Deferential and favorable Department of Justice treatment of Ghislaine Maxwell, Epstein’s former partner who was jailed on sex trafficking charges in 2022, has also fueled suspicions about Trump’s Epstein links and the content of the so-called Epstein files.

The emails released this week also contained a bombshell reference to Trump having spent “hours” at Epstein’s house with an Epstein victim whose name was redacted but who the White House said was Virginia Giuffre.

Giuffre killed herself earlier this year. Last month, the publication of a posthumous memoir re-surfaced scandalous claims about Prince Andrew and other men. Giuffre did not accuse Trump of wrongdoing. Though widely accused of sexual misconduct, and found liable for sexual abuse in a New York civil case in 2023, Trump vehemently denies all allegations of improper conduct, linked to Epstein or not.

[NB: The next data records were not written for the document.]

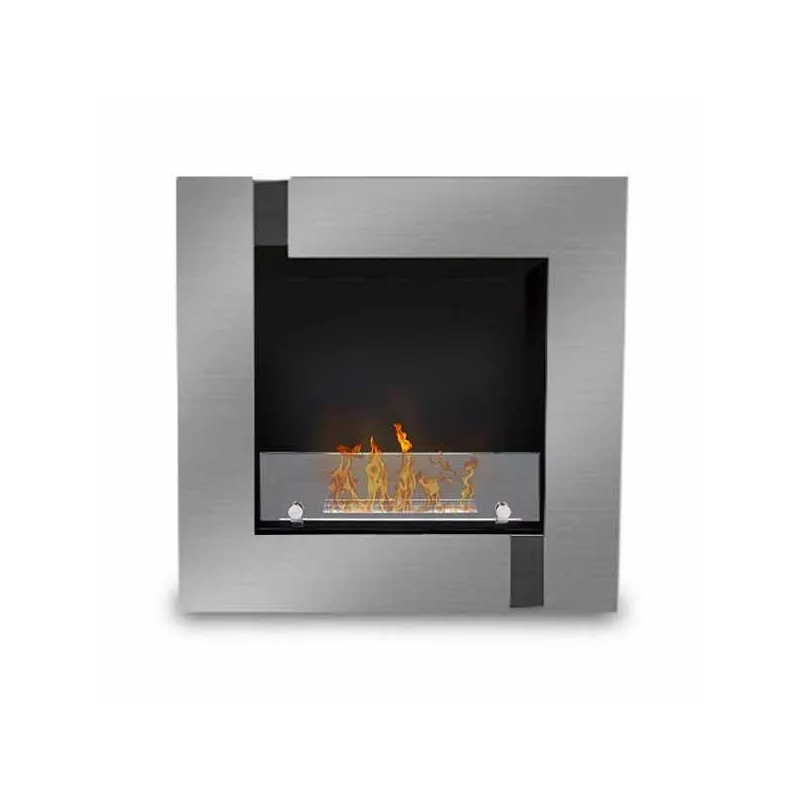 Caminetto quadrato decorativo Quadrinox, 60x60x20cm Colore Acciaio inox spazzolato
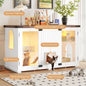 47.25" Large Cat Litter Box Enclosure with LED Light, Hidden Litter Box Furniture, Cat House with Stairs and Cat Scratching Post, Cat Cabinet Side Table with Smart Doors for Living Room New Era Fashion LLc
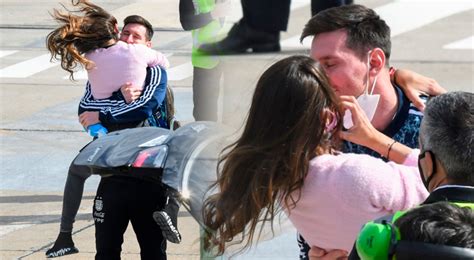 Lionel Messi Y Antonela Rocuzzo Se Abrazan Y Besan En Pista De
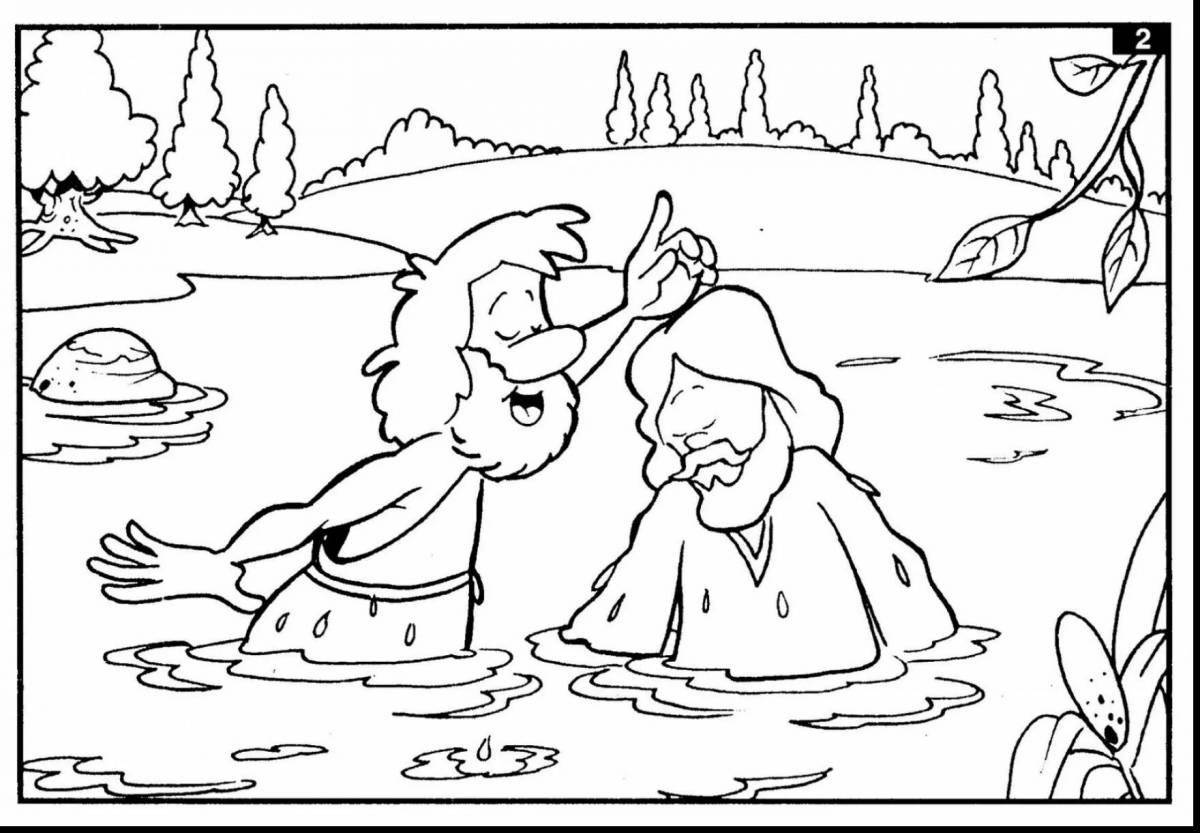 Joyful jesus baptism coloring book for kids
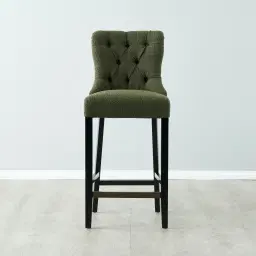 Saxon Olive Green Boucle Bar Stool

In the released emails, Epstein hinted that Trump knew a lot about his exploitation of young girls but stayed quiet, making Trump the “dog that hasn't barked.”

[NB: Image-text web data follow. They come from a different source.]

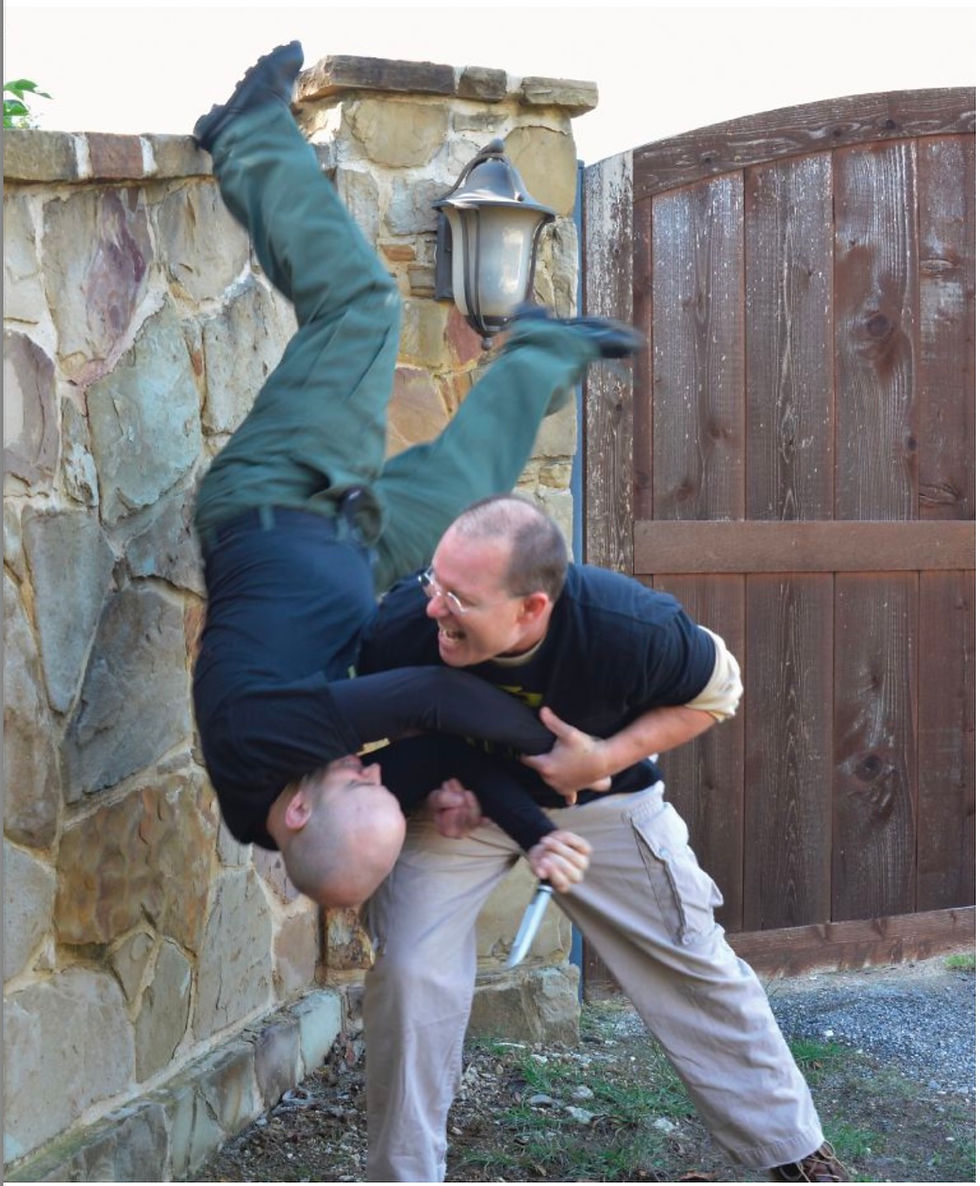 Two men engaged in martial arts practice, one flipping the other against a stone wall. Background: wooden gate, rustic setting. Energetic mood.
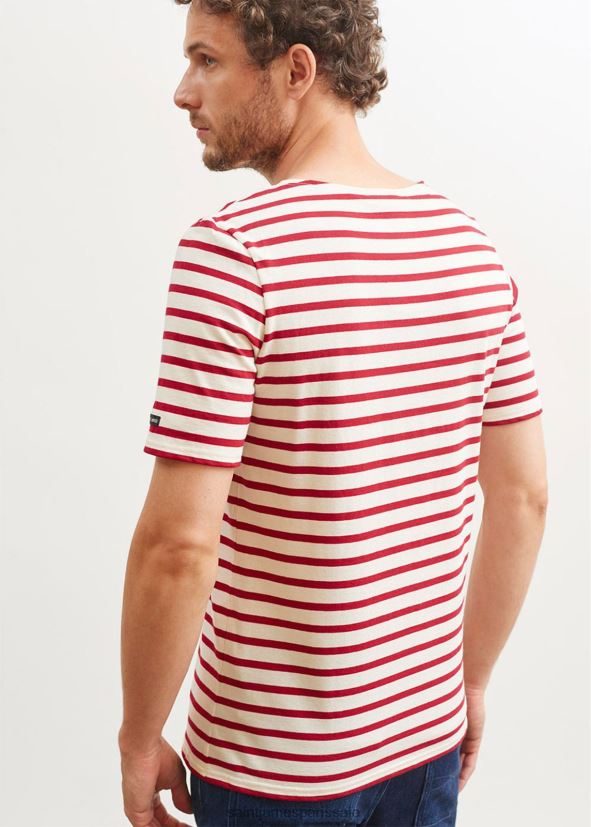 Saint James moderne écru/marron unisexe chemise à manches courtes à rayures bretonnes en coton doux ZZ48R242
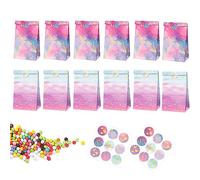 12 Pièces Sac Cadeau avec 18 Autocollants, Pochette Cadeau Réutilisable, Arc en Ciel Kraft Sac, Sac Cadeau Enfant, Sacs Cadeaux en Papier Petit pour Mariage, Anniversaire, Noël, Halloween, Party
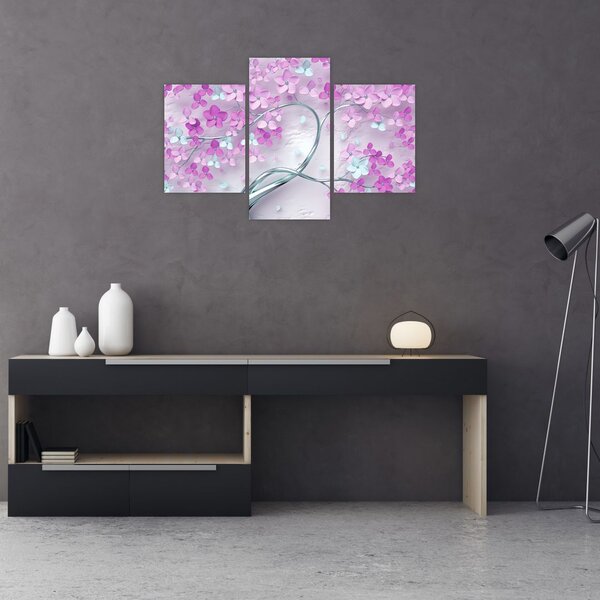 Tablouri cu flori pe trunchi argintiu - abstract (90x60 cm)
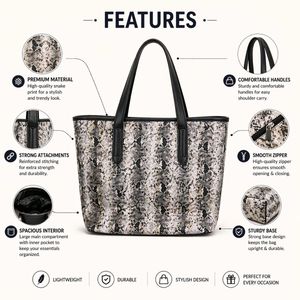 Stylish Snake Print Tote Bag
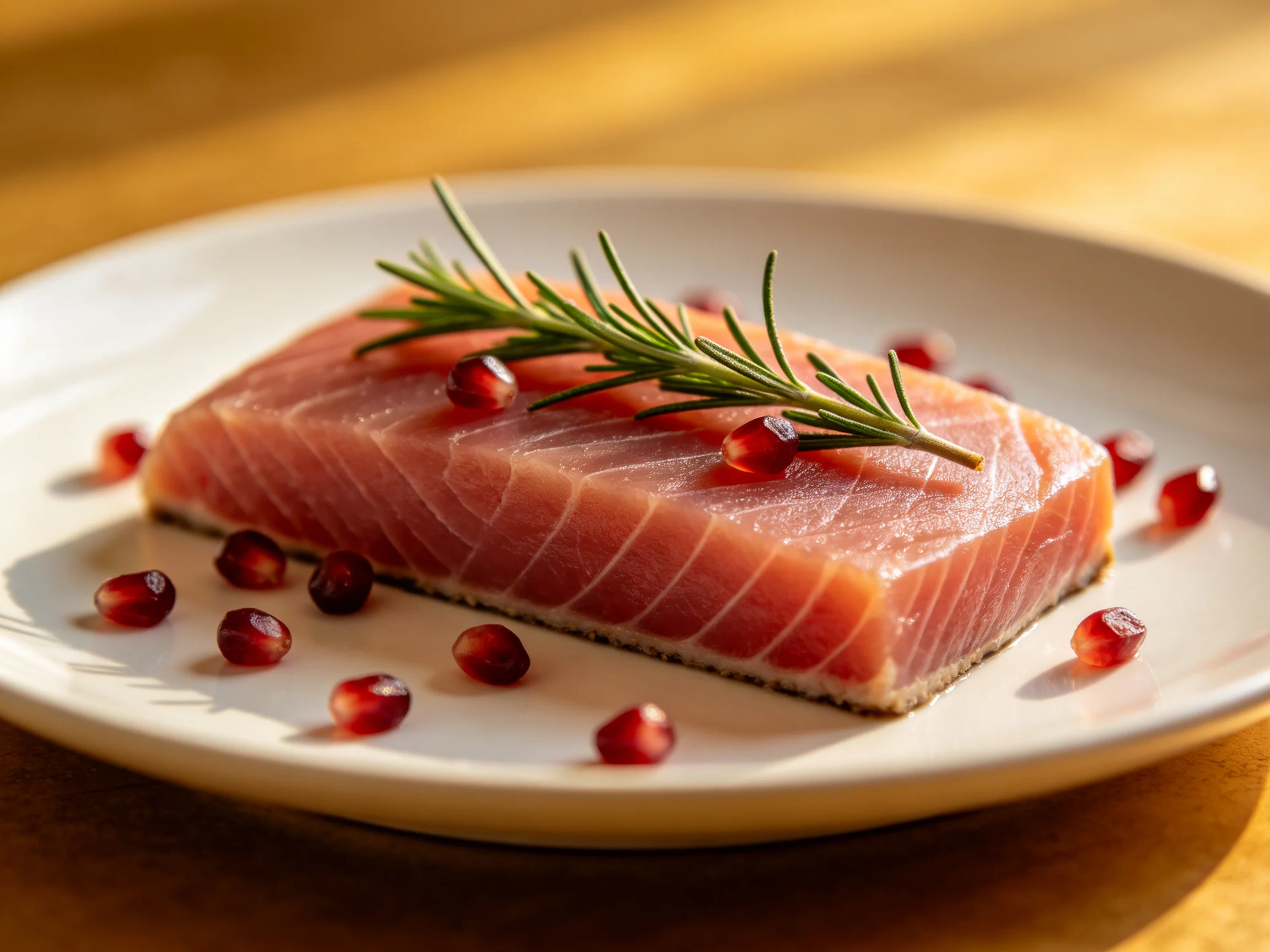 A fresh salmon fillet garnished with rosemary and pomegranate seeds on a white plate
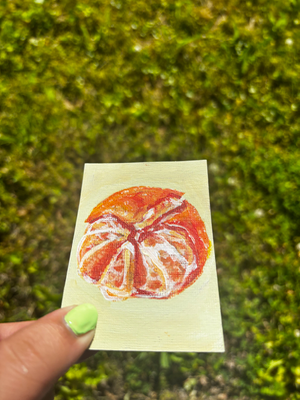 “What’s Inside” Orange Fruit Acrylic Painting aceo art card thumbnail 2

Another email, written by Epstein to himself on Feb. 1, 2019, said, “Trump knew of it, and came to my house many times during that period. He never got a massage.”

In another email, Epstein wrote, “of course he [Trump] knew about the girls as he asked Ghislaine to stop.”

Wolff told the Court of History that was a reference to a court case.

“At that point, Ghislaine is pursuing a lawsuit, stupidly … with Virginia Giuffre. And … that had not worked out well for Ghislaine, because … as I recall, Virginia Giuffre counter-sued, and there's lots of depositions and Ghislaine will have to testify, and that will mean that she will have to testify about all of this, including quite possibly about Trump. So that's what that's about.”

Wolff himself recently sued Melania Trump, the first lady, after she tried to silence him in relation to her own Epstein links. He told Blumenthal and Wilentz that crowdsourcing to pay for the suit was going well.

“As for [Trump] knowing about the girls,” Wolff said, “that's a direct reference to what Trump knew about what was going on at Jeffrey Epstein's house. And it goes back to a couple of things.

“I've talked here before about the photographs that I've seen of Trump around Epstein's pool with a set of the girls who were often at Epstein's house.”

Wolff has repeatedly said Epstein showed him photos of Trump with young girls and a stain on the crotch of his trousers, photos Wolff believes likely to have been taken by the FBI when Epstein was finally arrested.

He continued: “But then it was also Epstein's view that it was Trump who first alerted the police to what was going on … at Epstein's house. So this was always a thing, and this was a thing that I prodded Epstein on because I thought it was a smoking gun.

“Did [Trump] know what was going on at Epstein's house? If so, why did he keep quiet about it? And if he knew, what was the nature of how he knew, etc, etc.

“And you know, throughout my discussions with Epstein about Trump, it was always, ‘You have the goods here. You have the power to cause Trump an enormous amount of trouble, and possibly to bring him down.

“Actually, jumping six years later, that may, in fact, be what is happening now.”